Schwarzenegger took office in November after riding a wave of popular discontent to win October elections on promises of cleaning up government and overcomong a massive budget deficit that has given California the United States' worst credit rating.

Campaigning against his predecessor Gray Davis' allegedly spendthrift habits, Schwarzenegger pledged to balance the budget, reform government and kickstart the sagging state economy.

"For the people to win, politics as usual must lose," became his mantra.

But the former body-building champion approaches the 100th day of his tenure on Tuesday, he still has much to do an several key tests to pass before he can make good on his promises.

By all accounts, his Hollywood magnetism continues to charm Sacramento, the stodgy state capital, persuading Democratic legislators to back his Republican programs.

And, he has surpised many by revealing admirable political talent during a tough honeymoon period, said Ray Sotero, a Democratic aide in the capital. "He's pretty incredible. He doesn't miss much," he said.

Moreover, the actor and his Kennedy-clan heiress wife Maria Shriver have injected some Hollywood pizzazz into life in the capital.

The pair are frequently seen about town in tony restaurants as tourists flock to have their pictures taken in front of his office door, where a large new sign proclaims: "Governor Arnold Schwarzenegger."

After outlining a list of projected accomplishments for his first 100 days in office, he has managed to follow through with some, but the list of concrete achievements is not long.

He repealed an unpopular vehicle tax, revoked a bill which would give driver's licenses to illegal immigrants, imposed a spending freeze and also submitted a balanced budget for the 2004-2005 fiscal year which does not raise taxes, another promise.

However, to do so, and to fill an estimated 30-billion-dollar budget shortfall over two years, Schwarzenegger announced only after being elected that he wanted the state borrow 15 billion dollars in a bond issue.

California voters, who have to approve the bond in a crucial March 2 referendum, clearly are not comfortable with the idea of the state going further into debt, leaving the "Govern-ator" facing his biggest test yet.

A recent poll by the Public Policy Institute of California showed only 38 percent of voters support the measure, and 41 percent oppose it.

Defeat of the initiative next week, most observers say, would be disastrous for the governor and he is spending heavily on television and radio advertising to avert the threat.

But the way he is paying for his media blitz has drawn more attention to his other election promise, to reform campaign financing and rid Sacramento of money politics once and for all.

After accusing his predecessor of spending too much time as governor raising political funds, Schwarzenegger himself has pulled in more than 120,000 dollars a day since his inauguration, critics note.

Much of the money has come from wealthy individuals and corporations with vested interests in the governor's policies.

"This really outpaces Gray Davis," said Carmen Balber of the Foundation for Taxpayer and Consumer Rights, which operates the ArnoldWatch website.

"He has gone hat in hand to every major corporate and lobbying interest in Sacramento," Balber said.

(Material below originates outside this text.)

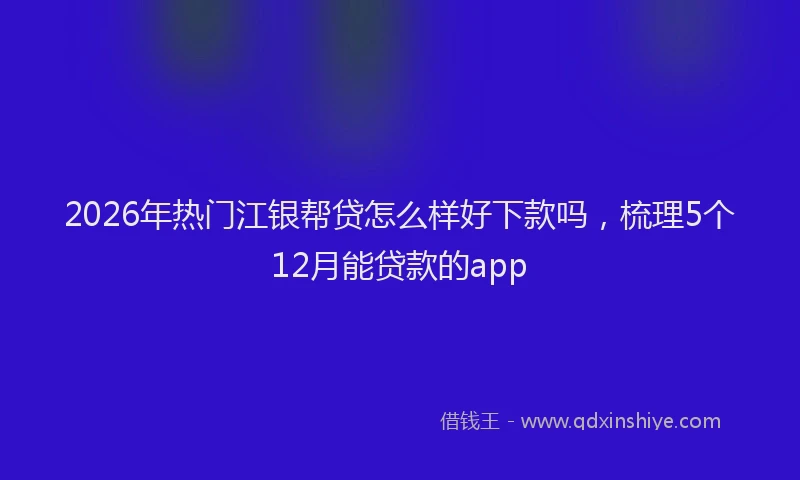 2026年热门江银帮贷怎么样好下款吗,梳理5个12月能贷款的app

Asked about the fund-raiser this week, Schwarzenegger argued that raising the funds was justifiable because it is "the way the system works."

But even if he gets his bond measure passed, economists say he still has more budget hurdles ahead.

Also during the week, non-partisan Sacramento budget analyst Elizabeth Hill said the governor's projections were over-optimistic and that he would likely face a five billion dollar hole in the 2005-2006 budget.

Hill's projections lead many to believe the governor will have no choice but to raise taxes, something he foreswore repeatedly during his campaign. Some political observers think this would put an end to Schwarzenegger's political honeymoon.

One thing is for certain, then: just like in his movies, with Governor Schwarzenegger there is still a lot of action to come.